◆ Description of the task ◆
Once the pictures are set aside, transcribe the remaining data exactly.

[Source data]
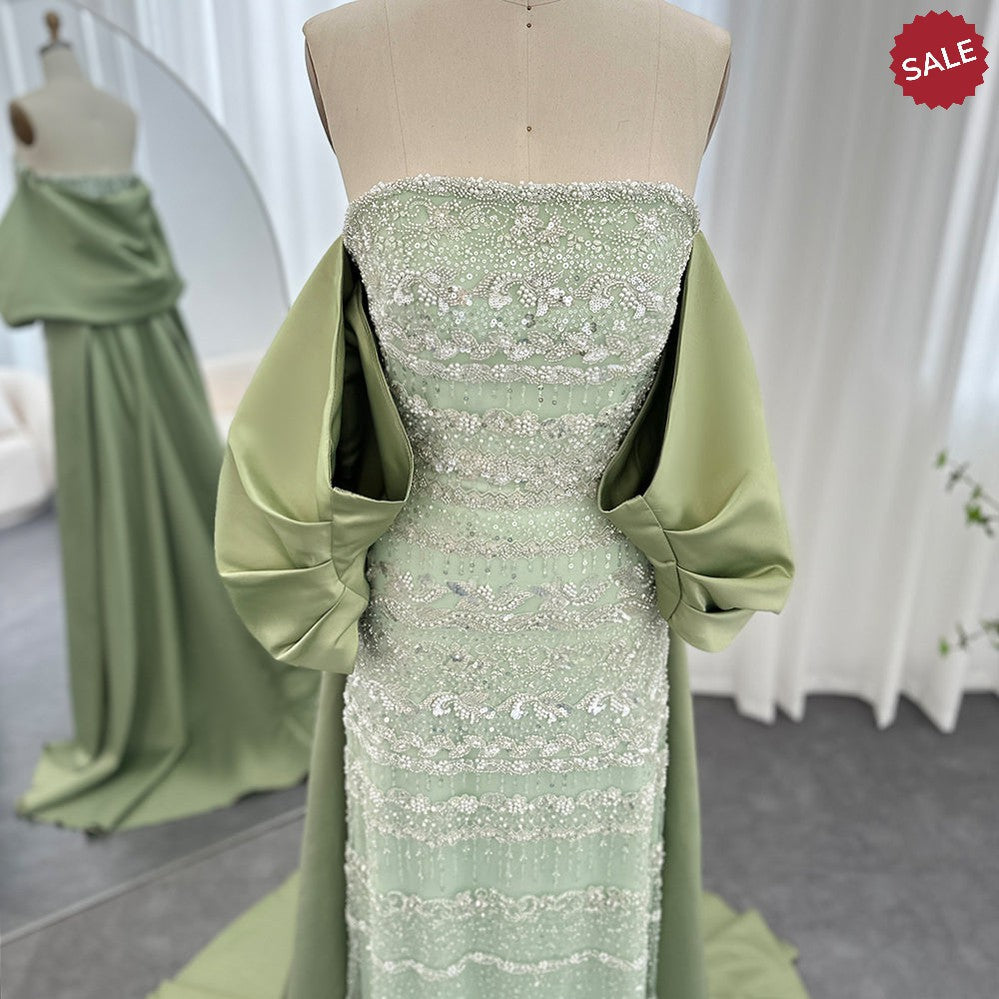Luxury Dubai Sage Green Evening Dresses with Cape Arabic Blue Beaded Elegant Women Wedding Party Gowns SS238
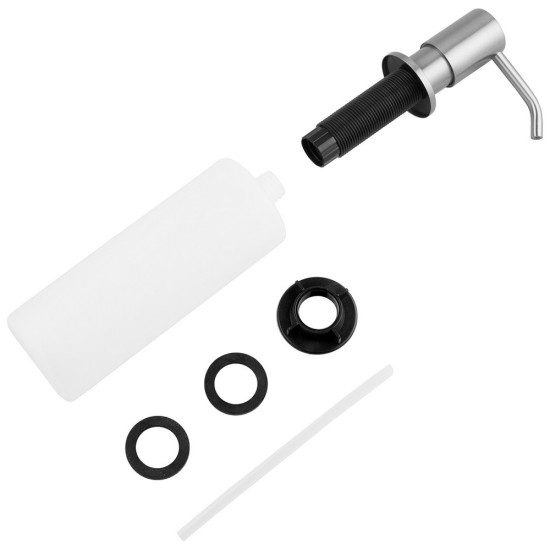 Комплект кухонная мойка Kroner Gebürstet-6350RHM + смеситель Küche-C031BLK + дозатор Spender-ECG049
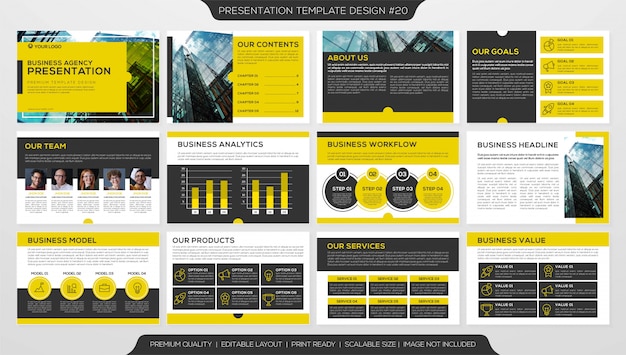 Booklet design template, business corporate presentation with multiple pages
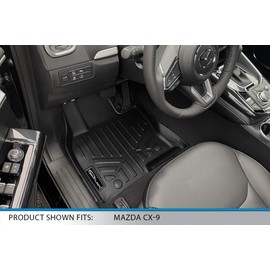 SMARTLINER 3 Row Floor Mat Liner Set Compatible with 2020-2021 Mazda CX-9 with 2nd Row Bucket Seats Without Center Console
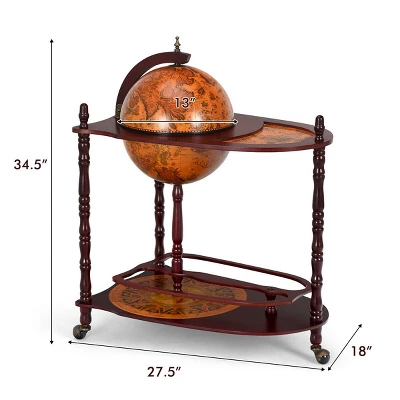 Costway Wood Globe Wine Bar Stand 34'' H 16th Century Italian Rack Liquor Bottle Shelf 1 Costway Wood Globe Wine Bar Stand 34'' H 16th Century Italian Rack Liquor Bottle Shelf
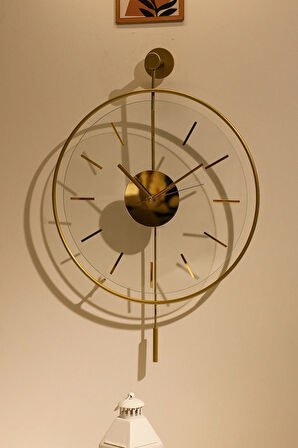 Premium Massive Gold Orta Boy (37X55CM)-modern Dekoratif Metal Duvar Saati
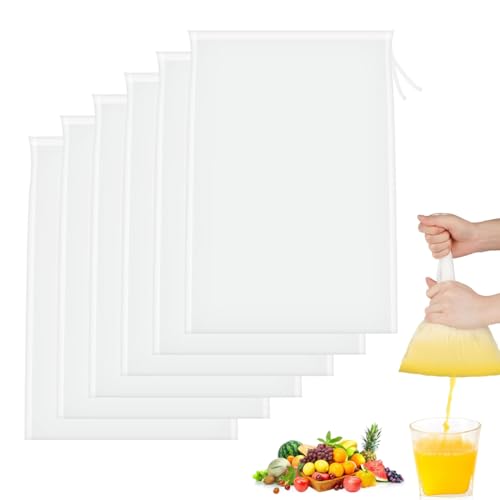 JRYXDS 6 unidades de tecido reutilizáveis para filtrar leite vegetal 20 x 30 cm tecido fino saco de filtro de nylon para peneirar sumo queijo chá leite de nozes tofu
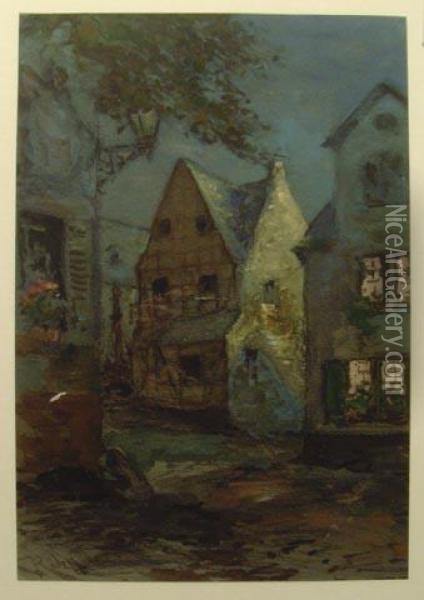 Amtshaus In Monreal/eifel Oil Painting - Carl Rudell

◆ Solution ◆
Luxury Dubai Sage Green Evening Dresses with Cape Arabic Blue Beaded Elegant Women Wedding Party Gowns SS238
 Комплект кухонная мойка Kroner Gebürstet-6350RHM + смеситель Küche-C031BLK + дозатор Spender-ECG049
 Booklet design template, business corporate presentation with multiple pages
 SMARTLINER 3 Row Floor Mat Liner Set Compatible with 2020-2021 Mazda CX-9 with 2nd Row Bucket Seats Without Center Console
 Costway Wood Globe Wine Bar Stand 34'' H 16th Century Italian Rack Liquor Bottle Shelf 1 Costway Wood Globe Wine Bar Stand 34'' H 16th Century Italian Rack Liquor Bottle Shelf
 Premium Massive Gold Orta Boy (37X55CM)-modern Dekoratif Metal Duvar Saati
 JRYXDS 6 unidades de tecido reutilizáveis para filtrar leite vegetal 20 x 30 cm tecido fino saco de filtro de nylon para peneirar sumo queijo chá leite de nozes tofu
 Amtshaus In Monreal/eifel Oil Painting - Carl Rudell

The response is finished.